Government to scrap no-fault evictions

Michael Lloyd

April 15, 2019

The government will consult on legislation to abolish Section 21 evictions (no-fault evictions) to prevent private landlords from removing tenants at short notice.

Currently after a fixed-term contract ends landlords can give tenants eight weeks’ notice and evict renters without a reason.

Housing and communities secretary, Rt Hon James Brokenshire MP, said: “By abolishing these kinds of evictions, every single person living in the private rented sector will be empowered to make the right housing choice for themselves – not have it made for them.

“And this will be balanced by ensuring responsible landlords can get their property back where they have proper reason to do so.

“We are making the biggest change to the private rental sector in a generation. We are creating homes, opportunities and thriving communities, where people can come together and put down roots, bound by a strong sense of belonging.

“Everyone has a right to the opportunities they need to build a better life. For many, this means having the security and stability to make a place truly feel like home without the fear of being evicted at a moments’ notice.
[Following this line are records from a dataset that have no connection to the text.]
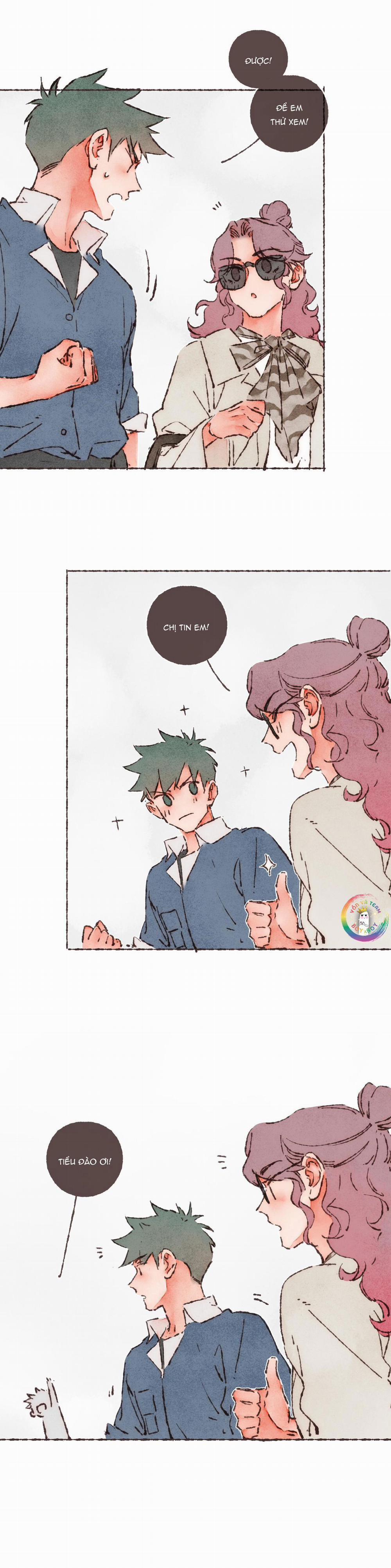 Nước Cờ Xanh Lam 25 trang 9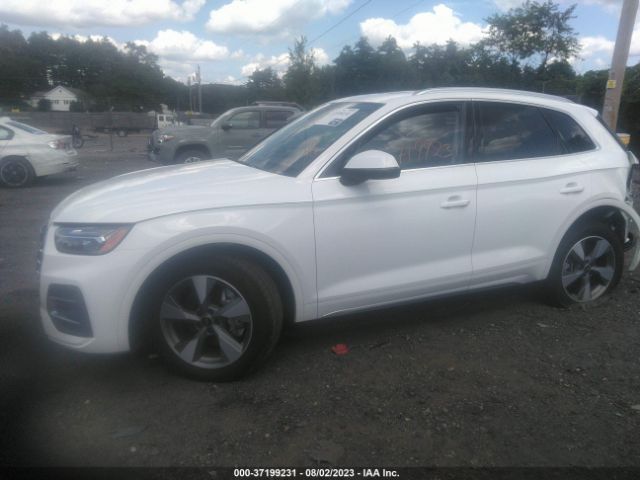 WA1ABAFY3P2080582 Audi Q5 PREMIUM
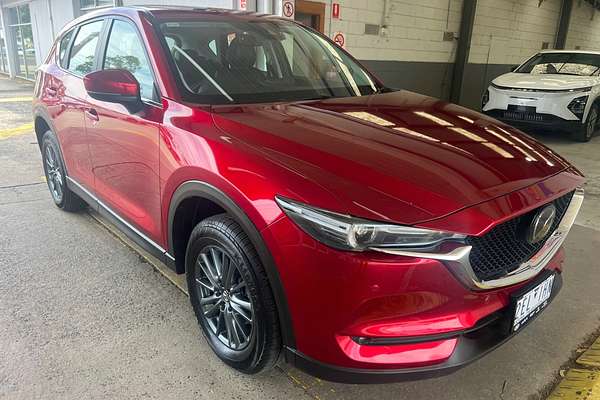 2019 Mazda CX-5 Touring KF Series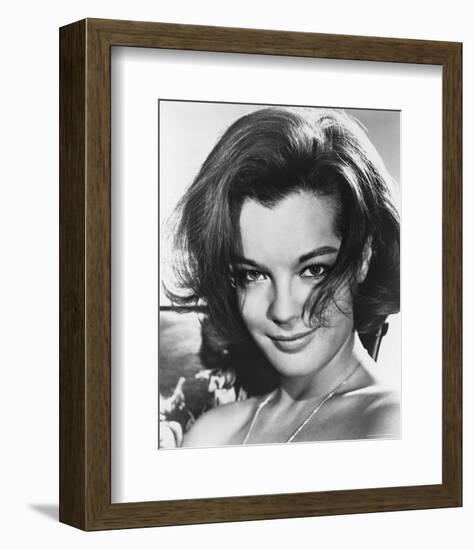 Romy Schneider-null-Framed Photo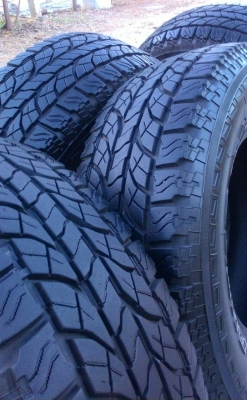 ขาย ยางA/T 265/70R16 สวยๆ ขาย ยางA/T 265/70R16 สวยๆ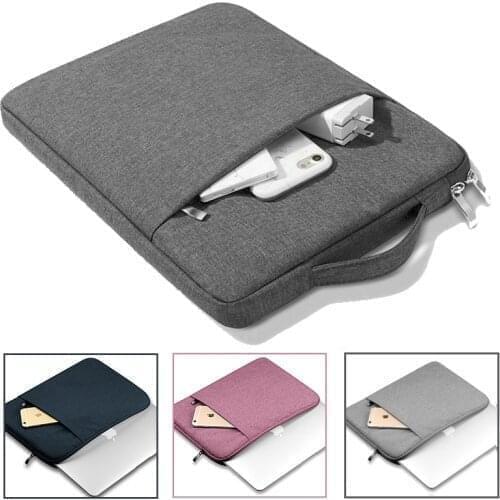 15.6 Inch Laptop Sleeve Case for Lenovo Yoga 720 IdeaPad 310 320 ThinkPad T570 Computer Carrying Bag Pouch for 15.6" Notebook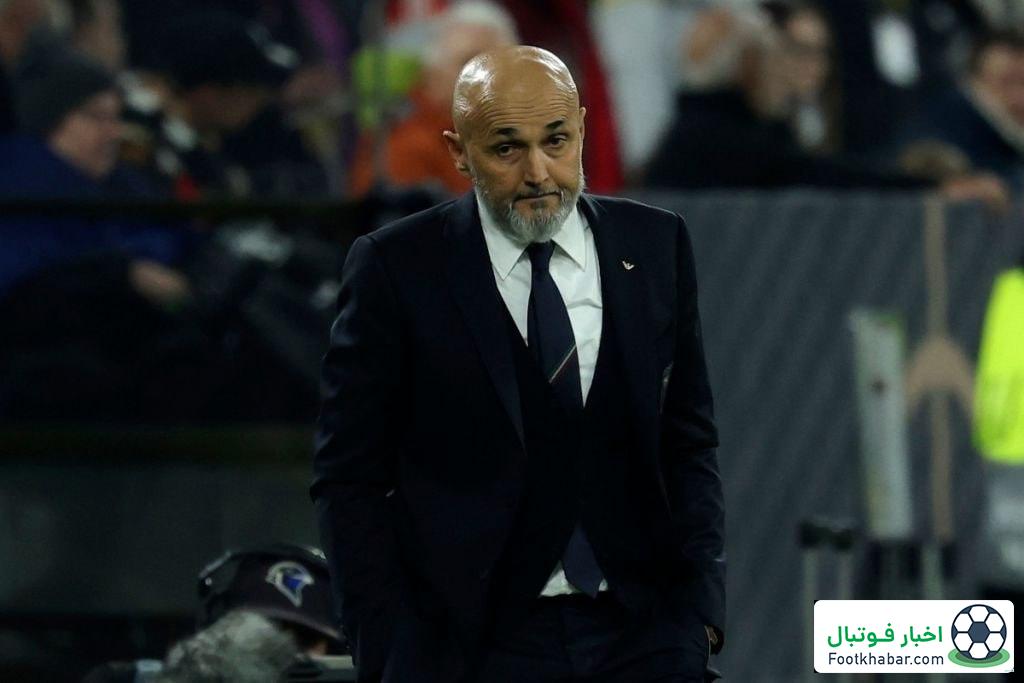 اسپالتی: کاش فقط کمی خوش شانس بودیم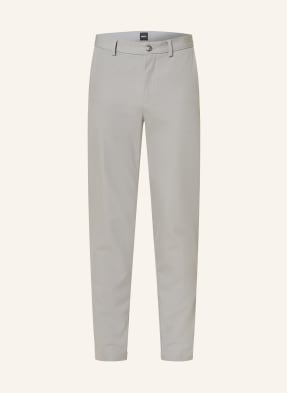 Boss Chino Kaiton Slim Fit grau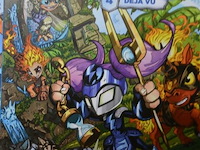 ±30 div stripverhalen - afbeelding 4 van  16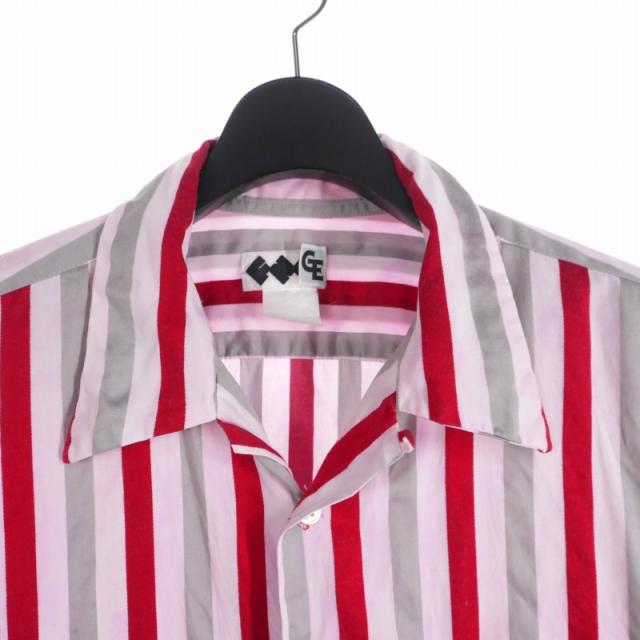 中古】グッドイナフ GOODENOUGH FINESSE フィネス ストライプ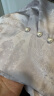 初蝉衣事设计感改良旗袍高端气质2024夏季新款女收腰新中式国风连衣裙 蓝紫色 M（现货） 晒单实拍图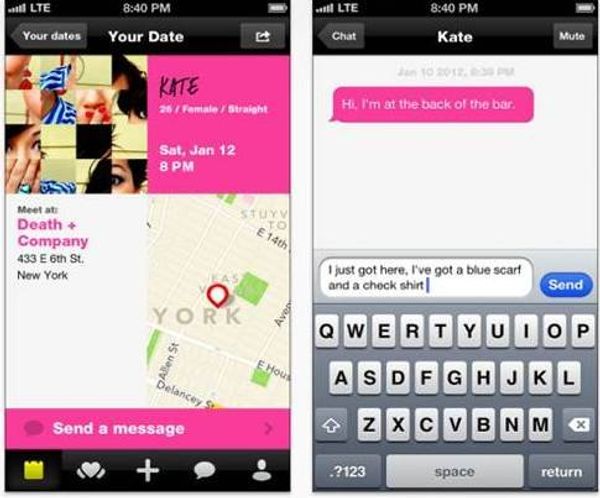 Dates Without Waits: New App Targets Busy Singles - Sputnik International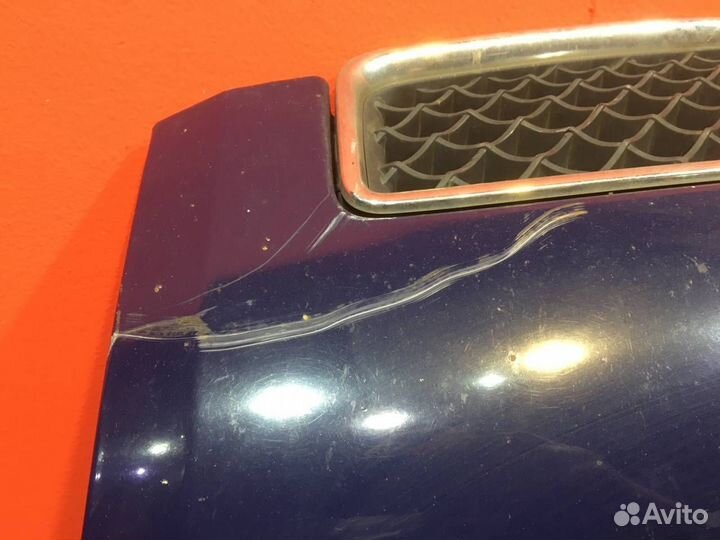 Капот для Ford Fusion fyja 1.6 Zetec (Б/У)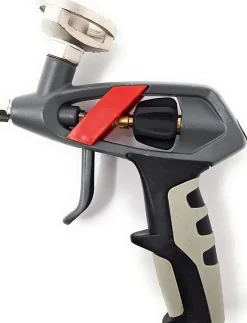 Pistolet applicateur de mousse PUR ERGO en Aluminium^Outile Outlet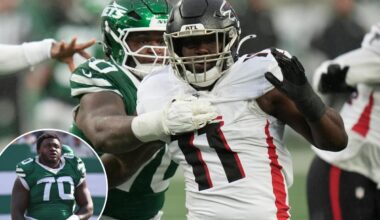 Rookie Armand Membou's seamless Jets transition a silver lining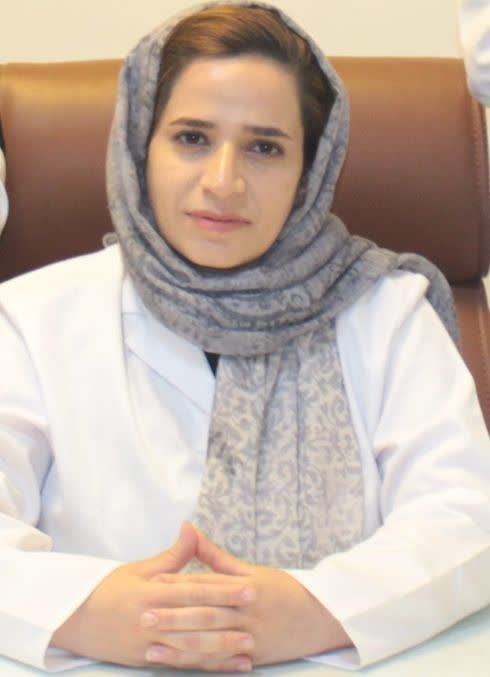 دکتر مریم حسین پور متخصص ژنتیک پزشکی، مشاوره تخصصی ژنتیک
We are building a fairer housing market that truly works for everyone.”

Under the proposals, landlords will have to provide a concrete, evidenced reason already specified in law for bringing tenancies to an end.

And ministers will amend the Section 8 eviction process, so property owners are able to regain their home should they wish to sell it or move into it.

Court processes will also be expedited so landlords are able to swiftly and smoothly regain their property in the rare event of tenants falling into rent arrears or damaging the property.

Paul Wootton, Nationwide’s director of home propositions, added: “Removing the uncertainty and insecurity caused by short-term tenancies and the constant threat of eviction is an important step in creating a modern private rented sector.

“Nationwide has been calling on government for some time to introduce indefinite tenancies and we welcome their commitment on this issue.

“Tenants who are paying rent and not breaching tenancy agreements should be able to stay in their home unless the landlord has legitimate reasons for ending the tenancy.

“Our own research amongst tenants showed half had already lived in their current home for three or more years showing how unsuitable tenancies with fixed terms of six or 12 months are for those living in the sector.

“This is particularly important for people looking to put down long term roots in an area and those who want the stability home owners enjoy like knowing their children can keep attending the same school.

“It will be important to ensure more efficient court processes are put in place to help support a reformed eviction process. Where there are problems with a tenancy – for example non-payment of rent, damage to the property and antisocial behaviour – landlords should be able to evict tenants quickly and current processes take too long or are insufficient.”

The government’s decision to ban no-fault evictions has been welcomed by many. It follows a campaign by a coalition of renter unions and housing campaigns including Generation Rent, ACORN, London Renters Union, Tenants Union UK and the New Economics Foundation.

Dan Wilson Craw, director of Generation Rent, said: “Eleven million people in England have no idea where home will be in a year’s time, thanks to Section 21.

“The ability of landlords to evict without reason is disrupting educations, eroding our communities, and leaving tenants feeling powerless. The government has listened to renters and has made the right decision.”

However, David Cox, chief executive, ARLA Propertymark, added: “Today’s news could be devastating for the private rented sector and landlords operating within it.

“The effects of the tenant fees ban have not yet been felt, and now the government is introducing more new legislation which could deter landlords from operating in the market.

“Although in the majority of cases there is no need for Section 21 to be used, there are times when a landlord has no choice but to take action and evict tenants from a property.

“Until we have greater clarity on the changes planned for Section 8, today’s news will only increase pressure on the sector and discourage new landlords from investing in buy-to-let properties. This comes at a time when demand is dramatically outpacing supply and rent costs are rising.”

ARLA Propertymark will be engaging with the government to ensure they fully understand the consequences of any changes, and all changes are based on evidence, so landlords have the ability to regain their properties if needed.